- **Try it**: Would you find each line in the entries below with the string "blood" and copy it?

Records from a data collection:
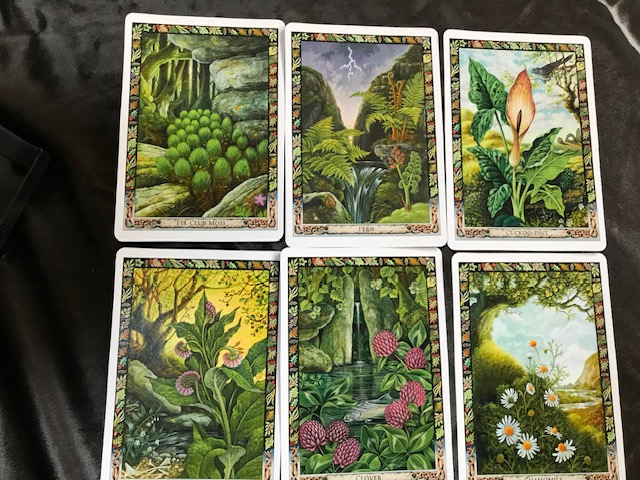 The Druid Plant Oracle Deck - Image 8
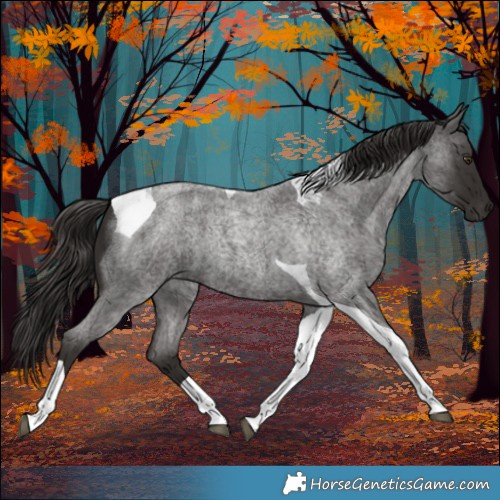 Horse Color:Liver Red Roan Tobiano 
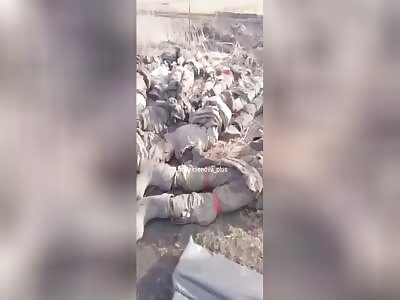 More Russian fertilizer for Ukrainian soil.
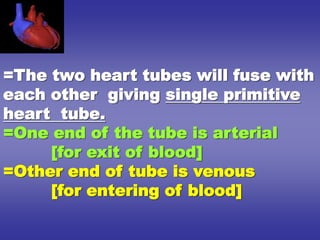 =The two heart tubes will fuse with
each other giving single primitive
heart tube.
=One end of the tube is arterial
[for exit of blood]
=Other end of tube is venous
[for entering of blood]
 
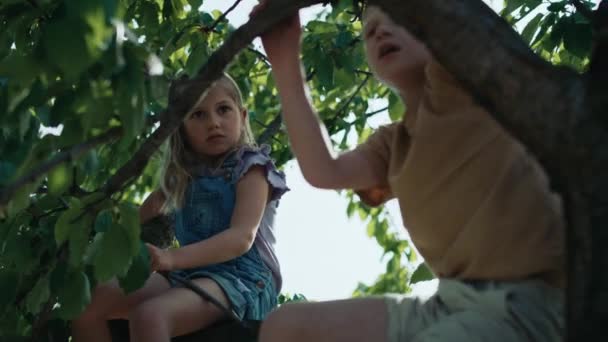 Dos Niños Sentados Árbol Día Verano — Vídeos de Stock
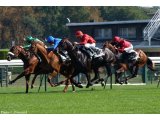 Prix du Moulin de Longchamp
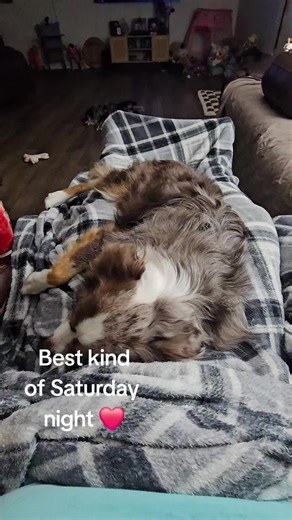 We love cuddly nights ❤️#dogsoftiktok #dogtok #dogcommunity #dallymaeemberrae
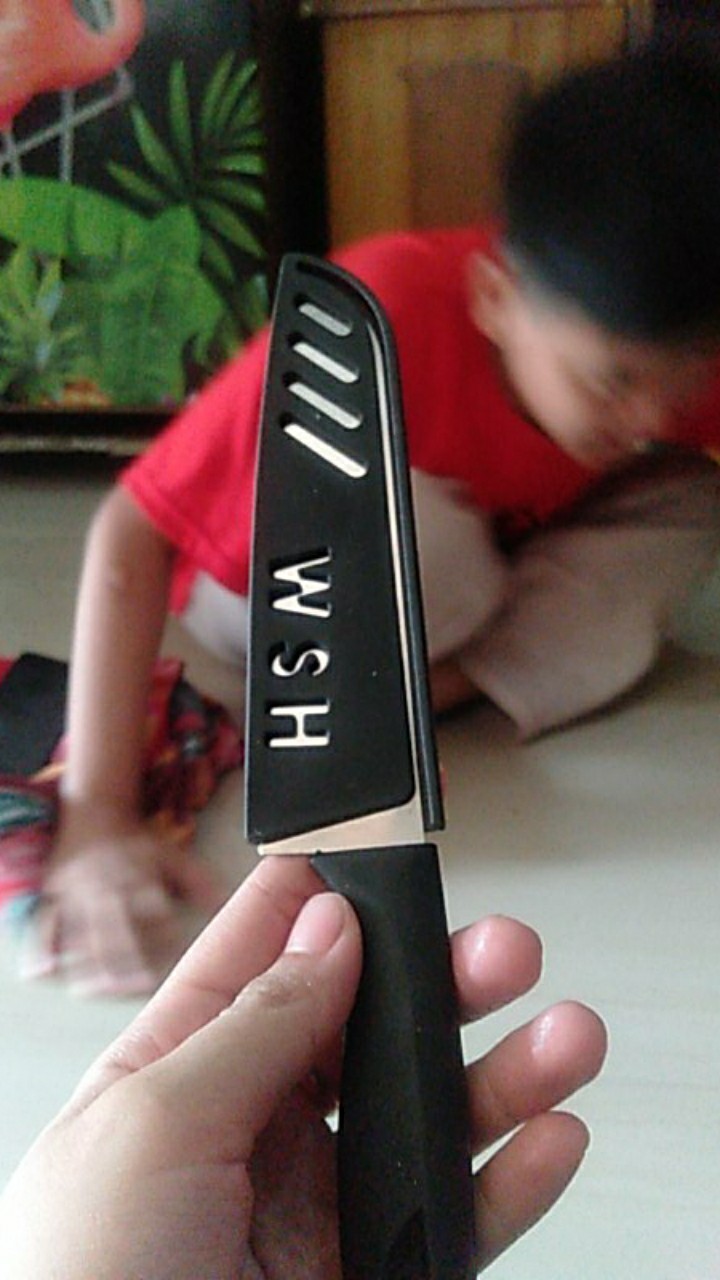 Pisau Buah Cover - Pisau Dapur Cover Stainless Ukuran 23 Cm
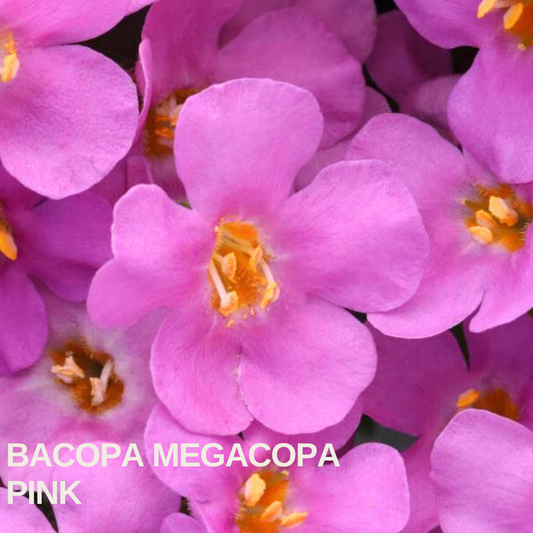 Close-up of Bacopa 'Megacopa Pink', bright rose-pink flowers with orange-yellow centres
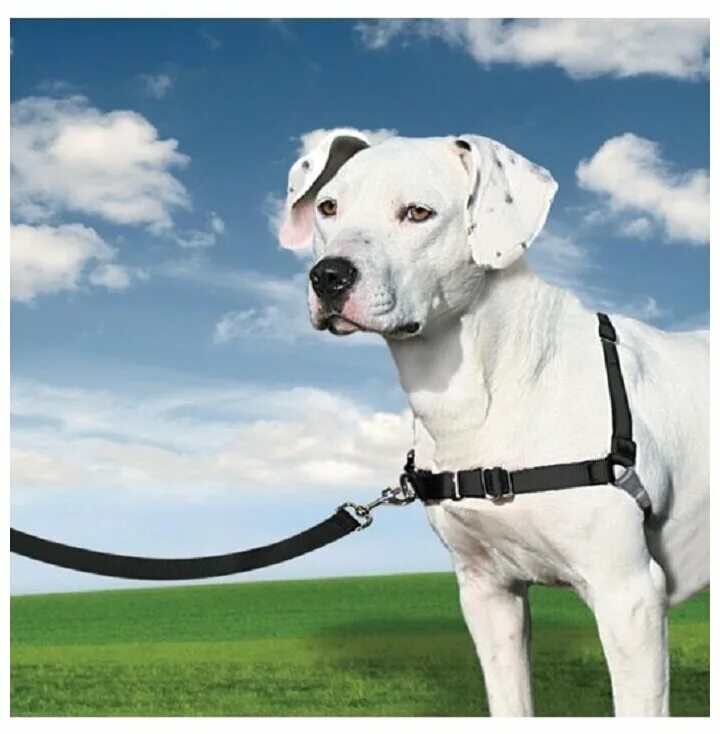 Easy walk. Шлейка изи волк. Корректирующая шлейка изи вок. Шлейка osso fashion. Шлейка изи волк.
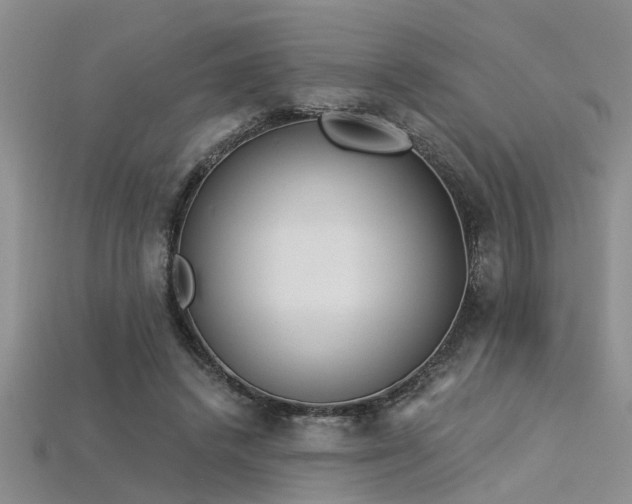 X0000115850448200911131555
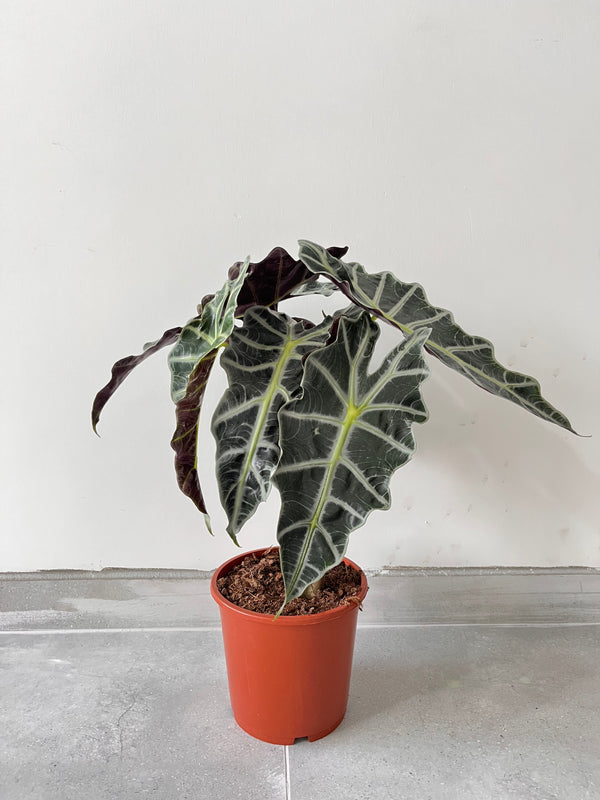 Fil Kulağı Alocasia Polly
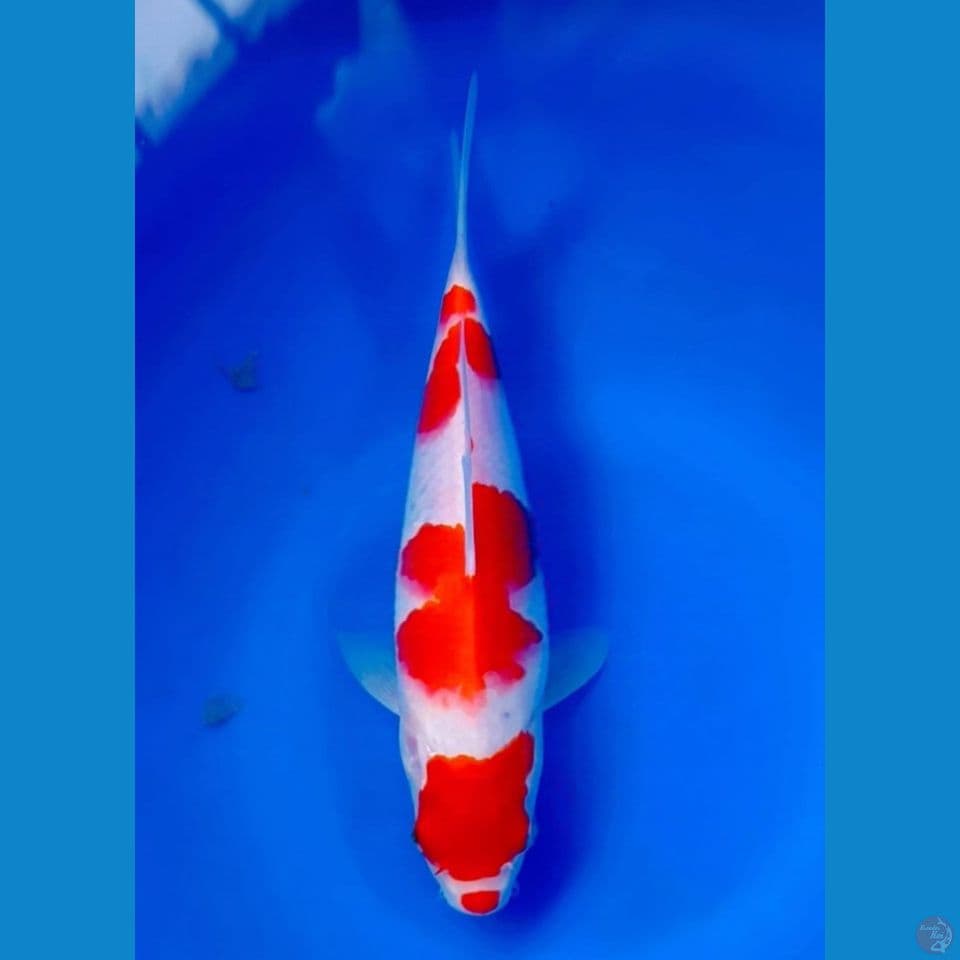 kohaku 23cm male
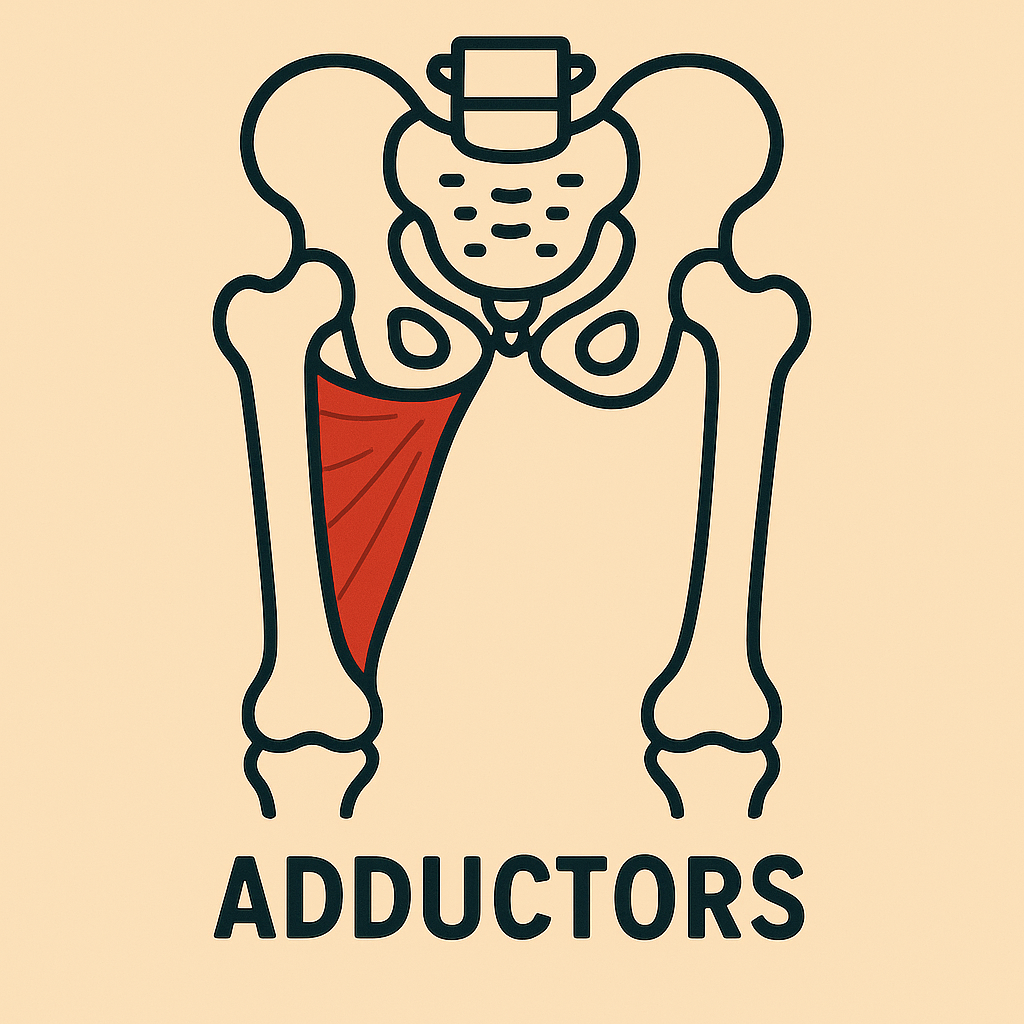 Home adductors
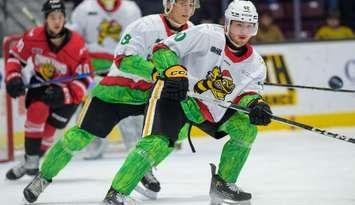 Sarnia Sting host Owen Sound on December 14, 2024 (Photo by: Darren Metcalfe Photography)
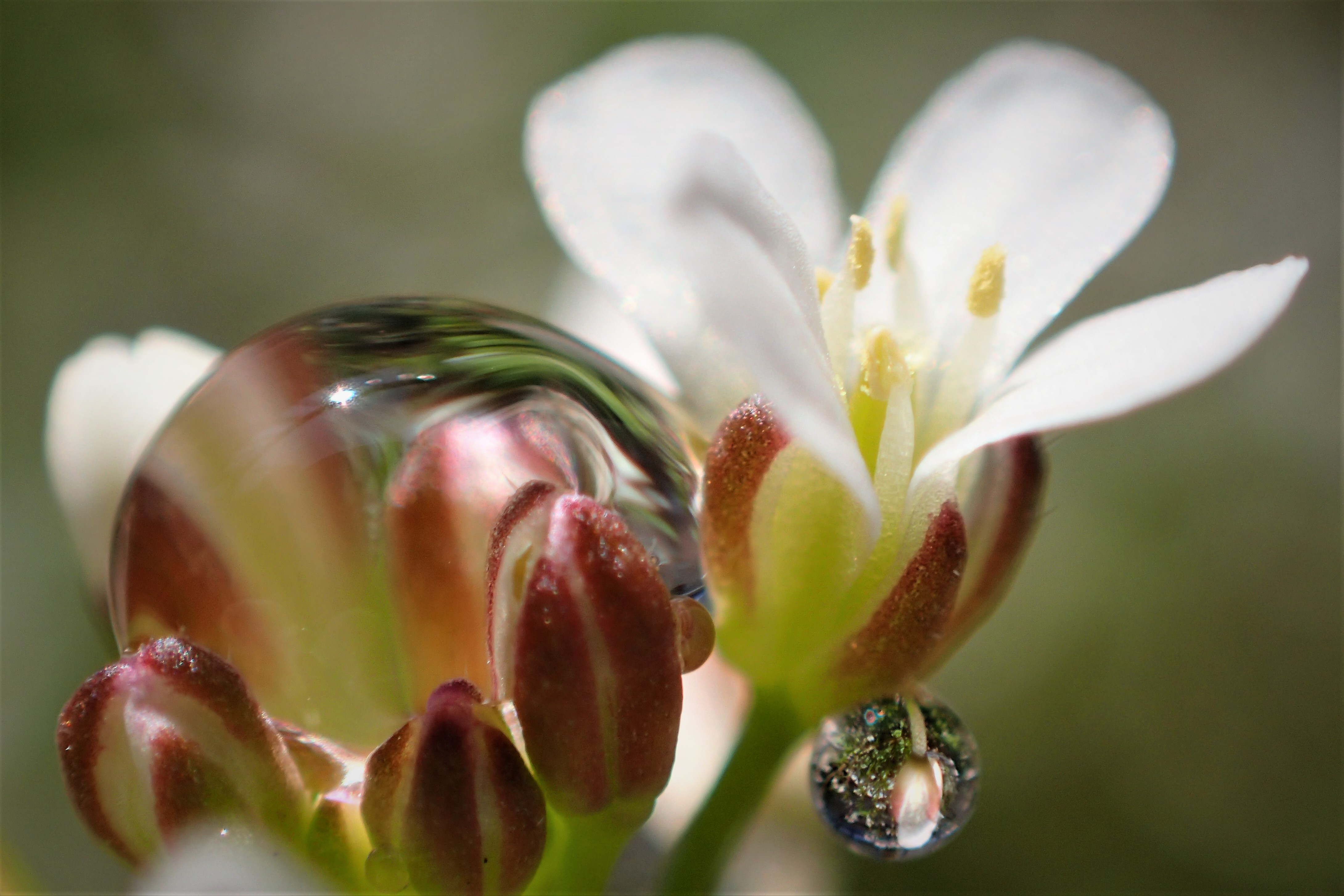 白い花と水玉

- **Response to this task**:
[for exit of blood]
[for entering of blood]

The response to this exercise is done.